The outbreak of Ebola virus disease (EVD) in Manor River Union (MRU)/West Africa, which was first reported in March 2014 is continuing. Ongoing transmission of the virus is still being reported in Guinea, Liberia and Sierra Leone. On 8 August the World Health Organisation (WHO) released a statement following a meeting of the International Health Regulation Emergency Committee, declaring the Ebola outbreak a ‘Public Health Emergency of International Concern’. Painfully reminding the international community that deadly diseases are not constrained by political boundaries and can spread virtually anywhere.

These countries, in particular, because of their relatively low rates of HIV, have not received the support that other African nations have received over the years – hefty investments in public health infrastructure through trained health care workers, clinics, laboratories, medicines, and education. As such, public health scourges have settled in the most vulnerable areas, yet radiate insecurity locally, regionally, and even internationally.

In an era when official resources to address global public health challenges are demonstrably finite, this recent outbreak is a case study of the need to invest more resources on our health care infrastructure and disease prevention and monitoring, to think more creatively to spread limited resources more efficiently, and how to better leverage intersecting interests to promote national health security.

Efforts to control Ebola in Sierra Leone are hampered by a general mistrust of health professionals and unfortunately infection control procedures in hospitals are not always as good as they should be. In Sierra Leone, Ebola spread because people were misdiagnosed or not diagnosed at all which meant they were not isolated and so passed the virus on to others.

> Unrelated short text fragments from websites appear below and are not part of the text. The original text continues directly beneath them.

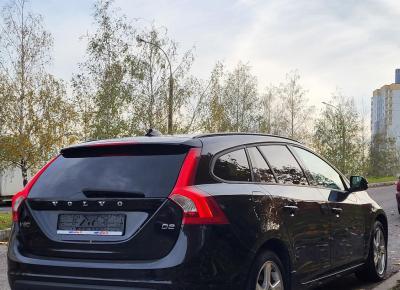 Фото Volvo V60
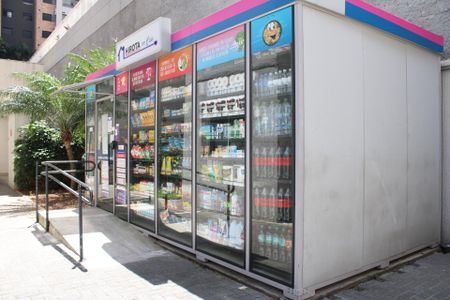 Apartamento à venda com 45m², 2 quartos e sem vagaMinimercado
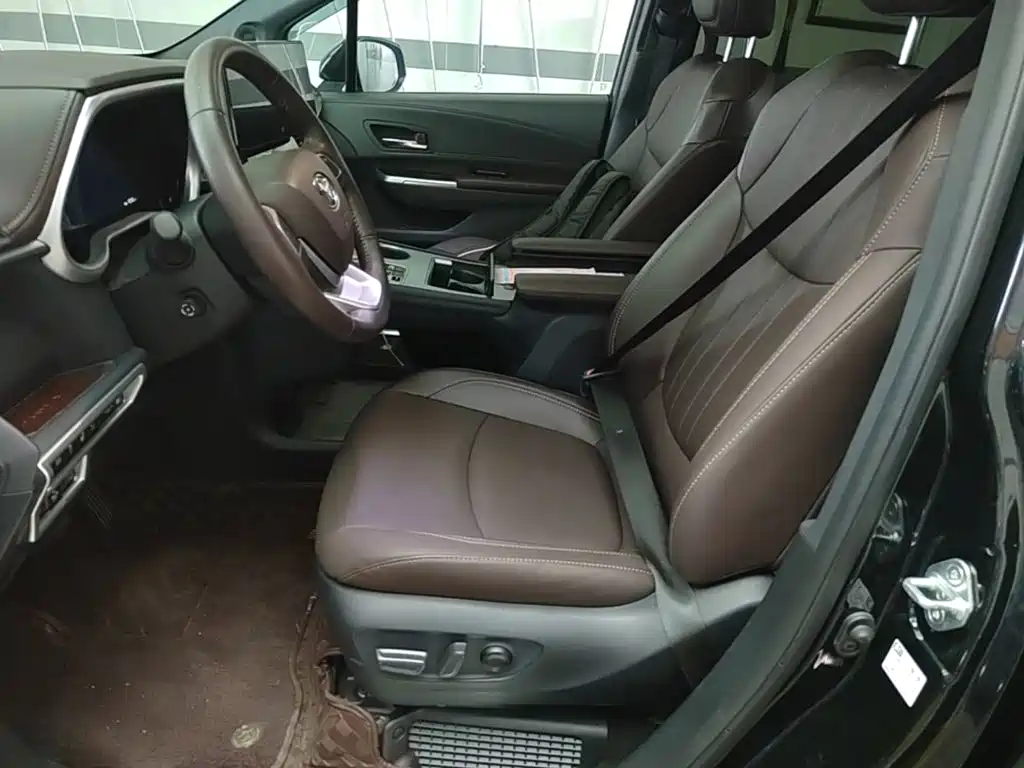 Toyota Granvia — миниатюра 15
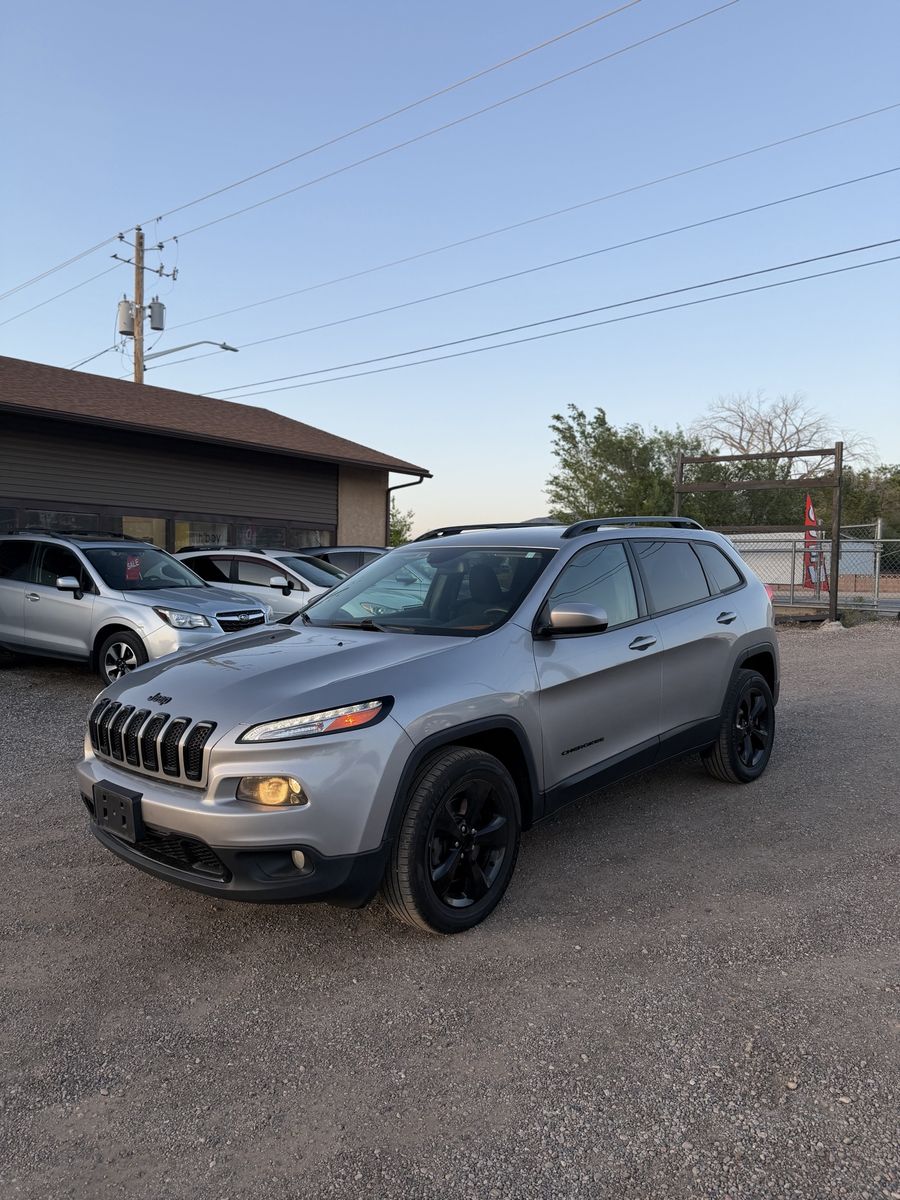 2016 Jeep Cherokee 
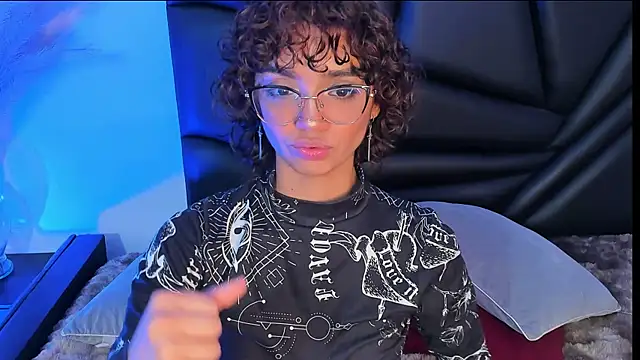 slutty venus online show from October 1, 3:44 am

The Ebola epidemic has resulted in severe contraction of the three Manor River Union country’s economies and a near collapse of the already poor health care systems in the three worst-affected nations. It has reduced access to health care for young people/children, pregnant women, and others with chronic and acute health concerns. Health care workers and volunteers have expressed concern about the lack of health care, and increasing mortality from other diseases and conditions like malaria, typhoid, and childbirth.

When we look back on this epidemic, we recognise that fear caused our initial hesitance to respond and caused us to respond poorly when we finally did. I know how real the fear of Ebola is, but we need to overcome it. We all lose when we allow irrational fear, fuelled in part by prime-time ratings and political expediency, to supersede pragmatic public health preparedness.